Nutsbe did a split screen. Now, Lynx took up the right-hand side, and Nutsbe’s image was talking from the left, though both of his teammates were sitting in the Panther Force war room back at Iniquus Headquarters. “Gage and Thorn met with Polla and Habiba. They both said they had a sister with whom they’d had no contact in years,” Nutsbe said.

Thorn’s gut tightened. “Name?”

“Arya Khouri.” Lynx typed it onto the screen, so he could see the spelling. “Dr. Arya Khouri.”

“Her specialty was audiology?” Thorn asked.

“In a way,” Lynx said. “Arya was studying subsonic vibrations to understand large mammal communications.”

“So elephants and whales?” Thorn leaned his hips into the wall.

“Exactly. So the why of the X-ray − the pictures that Polla and Habiba had of their sister don’t match Juliette’s photographs. The computer analysis gives us only a moderate chance that these are the same women. Juliette has the same coloring as Arya. We speculated that perhaps she’d changed her appearance with plastic surgery.”

“Perhaps with the accident, she needed facial reconstruction,” Thorn speculated.

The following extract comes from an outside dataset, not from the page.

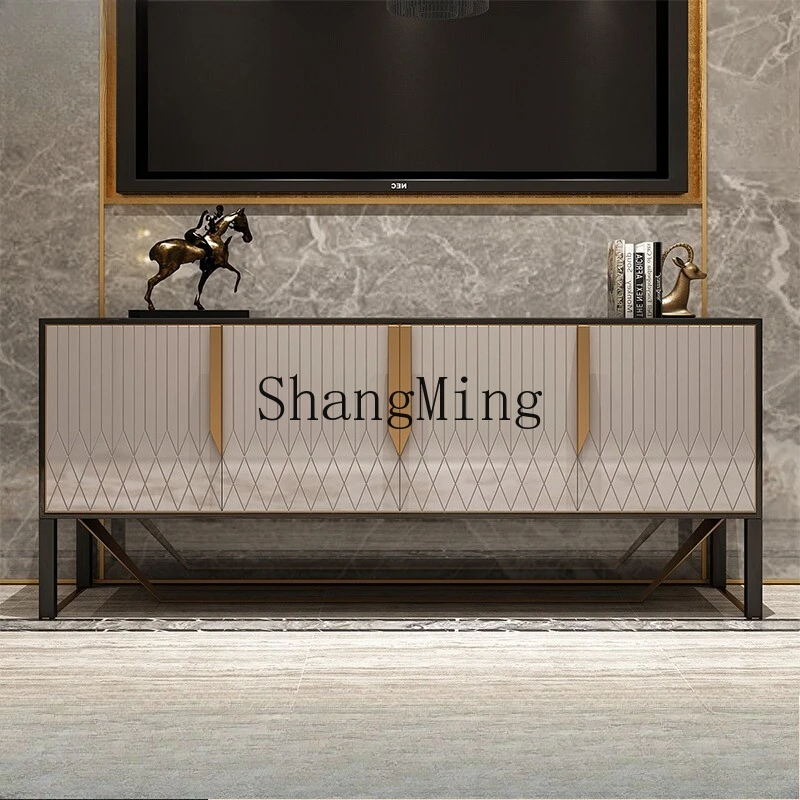 

LXY light luxury living room floor cabinet coffee table combination villa solid wood TV cabinet combination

“That had been exactly my thought,” Lynx said. “This woman’s nose is different than Arya’s − straighter and more slender, her cheekbones are more prominent, her teeth shaped differently. We gave the X-rays to a plastic surgeon to evaluate for us. He said that the work was not indicative of a trauma event or reconstructive in nature, but that these were voluntary procedures.”

Thorn walked over and looked down at Juliette’s face. “Do you think Juliette wanted to change her looks for aesthetics’ sake, or do you think she was trying to disguise her identity?”

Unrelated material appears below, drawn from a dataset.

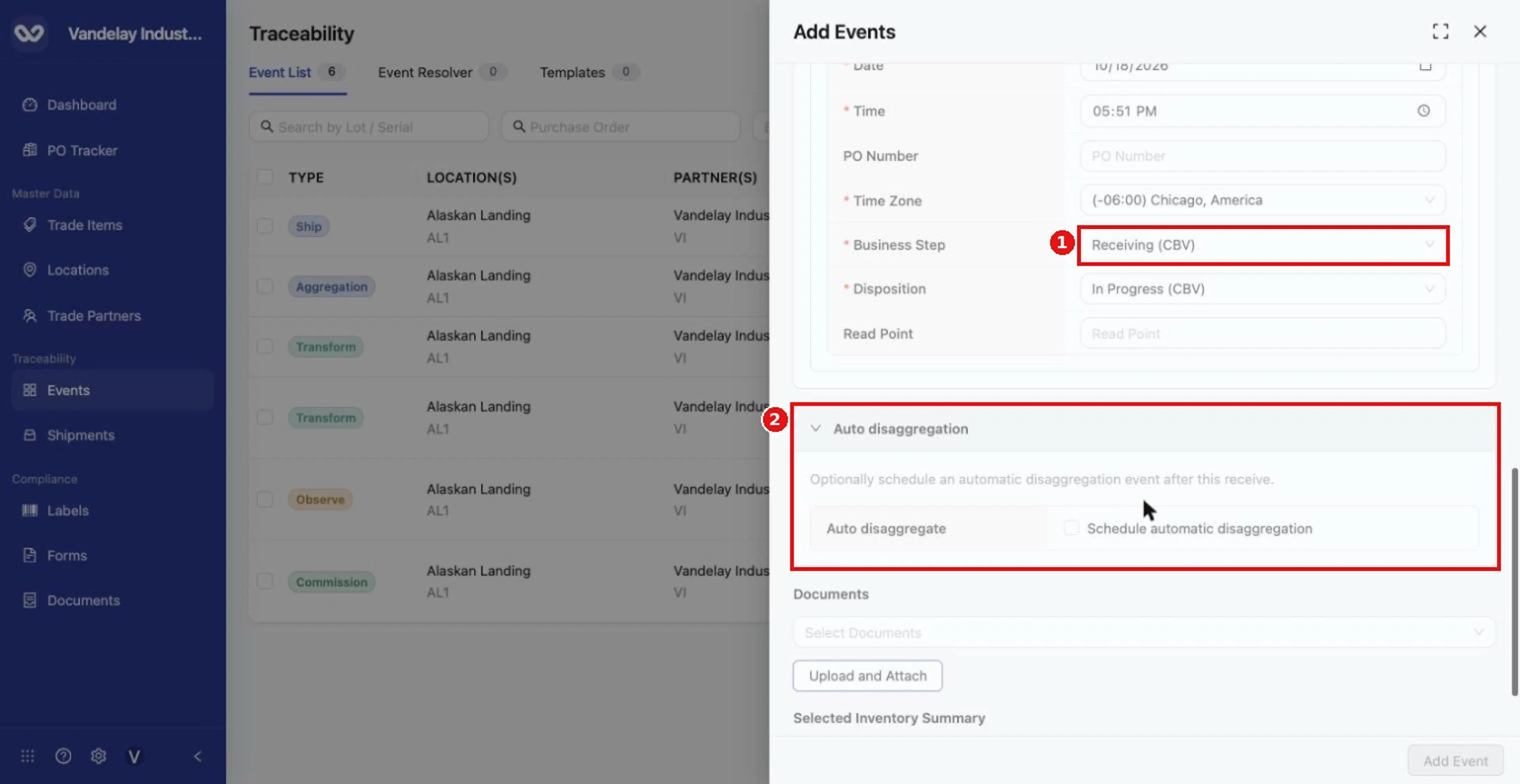 Set the event details. Auto disaggregation is optional and lets you schedule a follow-on Disaggregation.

Lynx’s voice was behind him. “Again, I don’t know enough right now to answer that. I can also tell you that the scar on her head is just that – a scar on her head. The plastic surgeon said that it looks like it was created on purpose as if cut with a scalpel then sewn up again. There is no skeletal damage to her skull. She didn’t have brain surgery.”

“So who’s lying here?” Thorn turned and walked back to his place against the wall. “She could well be Arya,” Thorn said, “but we’re not sure?”

“Not a hundred percent,” Nutsbe confirmed. “Now, Honey telephoned his wife. Since she works with animal migration in the Ngorongoro region, he thought that she might know something about another female scientist interested in elephants.”

“Yeah.” Thorn crossed his arms over his chest and leaned his hips back against the wall. “I’d imagine that was a close-knit group of scientists. Did Meg know Arya?”

“Yes,” Nutsbe said. “They’d been quite friendly. But Meg hasn’t heard from Arya in years.”

“Because?”

“Meg is frequently out in the bush, so she’s not always in contact,” Lynx said. “Meg speculated that probably Arya had lost funding, so she had to stop her field research and was teaching at a university somewhere. More interestingly, Meg said that the last she heard about Arya Khouri was when she was supposed to go to court to testify against the U.S. Navy. She remembered enough of the details that I was able to find it on the docket. Arya Khouri’s documents were admitted into court. She was slated as an expert witness, but she was never called to the stand. It’s on my list for tomorrow to get in touch with the lawyers and find out why.”